Inclusion of women, minorities or other underrepresented populations

• Ibrutinib and epcoritamab are not known to differentially affect subpopulations, including women, minorities, or other underrepresented groups. The eligibility and exclusion criteria are not expected to differentially impact recruitment or retention of these subpopulations.

Covid-19 eligibility criteria

Subject has no known active severe acute respiratory syndrome coronavirus 2 (SARS-CoV-2) infection. If a subject has signs/symptoms suggestive of SARS-CoV-2 infection or have had recent known exposure to someone with SARS-CoV-2 infection, the subject must have a negative molecular (e.g., PCR) test, or 2 negative antigen test results at least 24 hours apart, to rule out SARS-CoV-2 infection.

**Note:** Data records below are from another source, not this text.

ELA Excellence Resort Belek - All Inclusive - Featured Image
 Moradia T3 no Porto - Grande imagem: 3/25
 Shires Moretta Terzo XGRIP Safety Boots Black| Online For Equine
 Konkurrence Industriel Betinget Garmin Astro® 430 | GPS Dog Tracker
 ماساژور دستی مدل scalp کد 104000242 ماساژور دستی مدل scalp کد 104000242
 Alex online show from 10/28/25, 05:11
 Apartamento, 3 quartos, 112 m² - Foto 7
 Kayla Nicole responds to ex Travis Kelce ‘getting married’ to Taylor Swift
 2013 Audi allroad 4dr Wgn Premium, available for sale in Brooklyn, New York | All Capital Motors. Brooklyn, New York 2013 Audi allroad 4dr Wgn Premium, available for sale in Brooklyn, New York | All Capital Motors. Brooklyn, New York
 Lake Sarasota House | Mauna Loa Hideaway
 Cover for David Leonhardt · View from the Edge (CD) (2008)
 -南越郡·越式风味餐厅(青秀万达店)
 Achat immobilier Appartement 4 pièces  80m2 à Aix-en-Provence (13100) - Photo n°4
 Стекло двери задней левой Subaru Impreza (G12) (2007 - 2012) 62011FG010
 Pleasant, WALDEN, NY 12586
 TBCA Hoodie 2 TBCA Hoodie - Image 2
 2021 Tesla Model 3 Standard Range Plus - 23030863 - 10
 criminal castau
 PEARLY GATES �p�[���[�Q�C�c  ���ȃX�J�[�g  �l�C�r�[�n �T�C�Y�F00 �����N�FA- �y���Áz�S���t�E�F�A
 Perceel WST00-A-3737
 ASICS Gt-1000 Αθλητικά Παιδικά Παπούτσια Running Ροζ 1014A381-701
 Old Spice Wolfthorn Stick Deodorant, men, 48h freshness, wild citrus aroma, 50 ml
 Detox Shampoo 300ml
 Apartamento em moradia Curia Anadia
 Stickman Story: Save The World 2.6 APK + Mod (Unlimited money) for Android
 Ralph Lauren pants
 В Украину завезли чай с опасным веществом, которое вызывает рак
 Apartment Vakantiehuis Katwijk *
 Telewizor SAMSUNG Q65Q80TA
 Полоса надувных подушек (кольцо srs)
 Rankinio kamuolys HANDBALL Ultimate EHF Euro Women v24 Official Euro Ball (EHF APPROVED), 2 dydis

Subjects who do not meet SARS-CoV-2 infection eligibility criteria must be screen failed and may only rescreen after they meet the following SARS-CoV-2 infection viral clearance criteria:

• No signs/symptoms suggestive of active SARS-CoV-2 infection
• Negative molecular (e.g., PCR) result or 2 negative antigen test results at least 24 hours apart

Given the ongoing COVID-19 pandemic, selected non-live vaccines (e.g. mRNA, non-replicating viral vector, protein subunit, etc.) to prevent SARS-CoV-2 infections may be administered during screening or the treatment period, as long as components of the vaccine are not contraindicated. COVID-19 vaccines are permitted and strongly recommended.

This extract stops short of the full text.